My life was changed by this story fifty years ago. Millions of lives have been changed by this story over history. It is the only answer to a world spinning out of control. I couldn’t help but listen to the familiar words of the carol as I was immersed in a different world.
Born to raise the sons of earth,
Born to give them second birth.
In India, Christmas is called “Bada Din.” It literally means The Big Day. Isn’t it fascinating that in a land rife with religion and spirituality the one day out of all the celebrations and festivals that is called The Big Day is the day when the child was born and the Son was given? Skeptics and mockers are still with us, dreaming about the cities of men without the message of the Savior.

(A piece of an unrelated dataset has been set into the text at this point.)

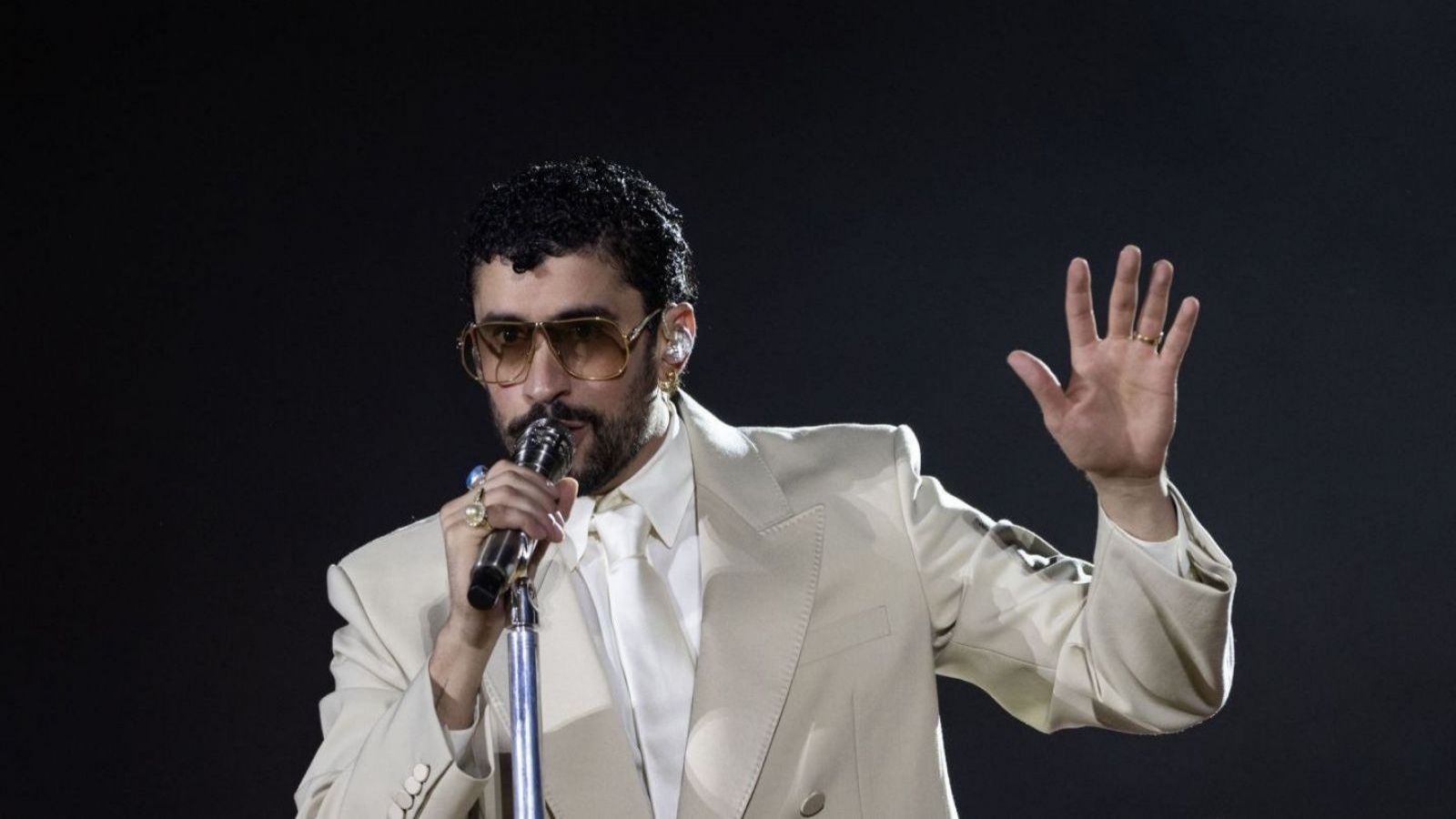 Tribunal Supremo de Puerto Rico da luz verde a demanda de expareja de Bad Bunny por uso de su voz en “Bad Bunny, baby”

Chesterton said it well, “Truth will always be stranger than fiction because we have made fiction to suit ourselves.” And so I listen again to the earth-shaking message of that beautiful carol:
Hark! the herald-angels sing,
“Glory to the new-born king,
peace on earth and mercy mild,
God and sinners reconciled!”
I am never one to correct a lyricist because poetic license is legitimate to the world of rhyme. But if I were to suggest an amendment, it would be:
Hark! the herald-angels sing,
“In time revealed, th’ eternal King.”
Rhyme and reason come together in time when eternity sounds its music. The colors of Christmas may be banned but the Christian hymn writer George Wade Robinson trumps once again:
Heav’n above is softer blue,
Earth around is sweeter green;
Something lives in every hue
Christless eyes have never seen:
Birds with gladder songs o’erflow,
Stars with deeper beauty shine,
Since I know, as now I know,
I am His, and He is mine.
Spread the word. It is the heart that sees the hues … and that can never be banned. “Merry Christmas” to all of you, our friends and supporters. Thank you for a blessed year. We pray God’s blessing on you in the year ahead.
I would be remiss if I didn’t say that for some, this has also been a year of the loss of a loved one who left time to enter eternity. I know that because some were very dear friends to me. I already miss them. May our Lord cushion that blow till we enter his presence when He will shine a new light and those losses will be seen as precious treasures, yea, the ultimate heralds that make up the City of God.